Het is historisch gezien niet nieuw dat de zorg voor opgroeiende kinderen wordt overgedragen aan anderen. Al eeuwenlang zijn er ouders die hun kind in een tehuis plaatsen. Aanvankelijk ging dat vrijwel uitsluitend om jongens die in een internaat werden geplaatst, zodat ze het onderwijs konden volgen aan de school die deel uitmaakte van de instelling. Gymnasia waren er anderhalve eeuw geleden maar weinig. Een pientere zoon kon daarom niet thuis blijven wonen als zijn ouders voor hem een klassieke vorming begeerden.

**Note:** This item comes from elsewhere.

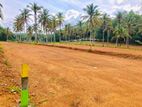 Superb Land For Sale In PADUKKA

Ook al zijn er opvoedkundig best kanttekeningen te plaatsen bij deze uithuisplaatsing, een fundamenteel verschil met de huidige praktijk is wel dat ouders hun kind naar het internaat stuurden voor zijn eigen belang. Niet de carrière van vader en moeder stond voorop, maar die van het kind. Er zijn ook voldoende verhalen bekend dat ouders zich bijna alles ontzegden om hun zoon de kans te geven een goede opleiding te volgen.

In de eerste helft van de vorige eeuw veranderde dat. Welgestelden, met name in rooms-katholieke kring, kozen ervoor hun kinderen in een internaat te plaatsen. Aan het begin van de twintigste eeuw is in Nederland een groot aantal van deze tehuizen uit de grond gestampt. Duizenden jongens en later ook honderden meisjes hebben daar een belangrijk deel van hun jeugd doorgebracht.

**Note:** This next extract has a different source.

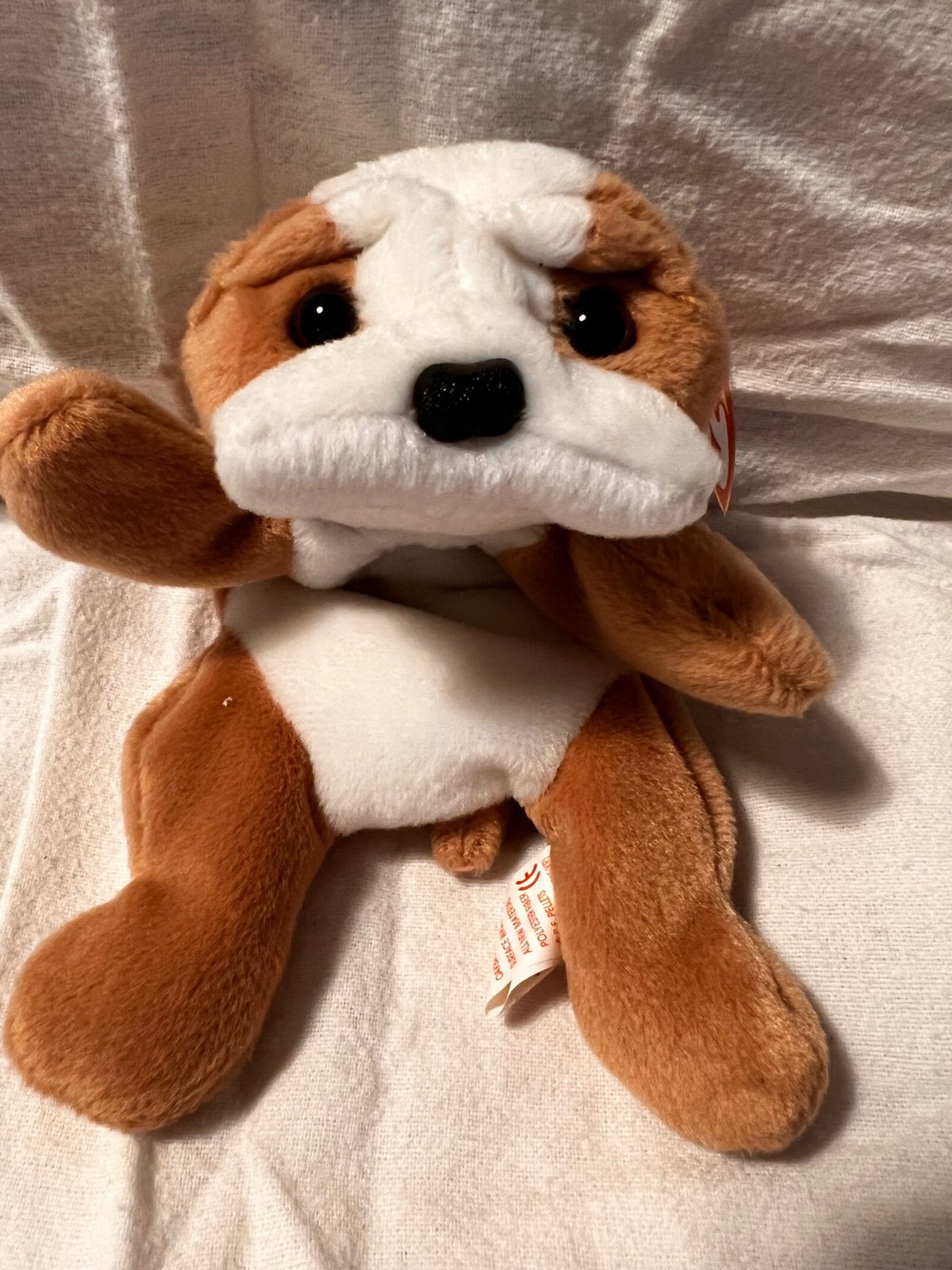 Ty Beanie Babies Wrinkles The Bulldog Rare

Ouders die hun kind naar een internaat stuurden, zeiden dat dit goed was voor hun vorming. De werkelijkheid was vaak dat vader en moeder het maar knap lastig vonden om in hun comfortabele rijkeluisbestaan rekening te houden met de grillen en grollen van hun opgroeiende kinderen. Daarvoor werden dus de paters en nonnen ingehuurd. Eigenbelang, eigen genot gingen bij ouders een steeds belangrijker rol spelen. Er zijn op dit punt parallellen te trekken tussen de internaten en de moderne kinderdagverblijven.

Sociale ontwikkeling

Natuurlijk zijn er veel kinderdagverblijven waar het personeel optimale zorg geeft aan de kinderen. Hun integriteit mag niet ter discussie worden gesteld. Ook niet als er nieuws naar buiten komt over ontucht door een medewerker in Amsterdam of waar dan ook. Enkele rotte appels maakt nog niet dat alle vruchten op de schaal niet deugen.

Zeker zijn er ook argumenten aan te voeren dat het voor de sociale ontwikkeling van kinderen goed is om in contact te komen met hun leeftijdsgenoten. Door daling van het geboortecijfer zijn er tegenwoordig minder kameraadjes in de directe woonomgeving. Daarom is er op zich niks mis mee als er in de week momenten zijn waarop peuters en kleuters elders met leeftijdgenootjes gaan spelen.

Taboe

Toch blijft er iets haperen. Het gaat om de vraag of ouderlijke zorg, en meer specifiek die van de moeder, kan worden uitbesteed. Dat klinkt vandaag ouderwets. Nog steeds is echter niet bewezen dat die vraag anno 2011 niet meer relevant is.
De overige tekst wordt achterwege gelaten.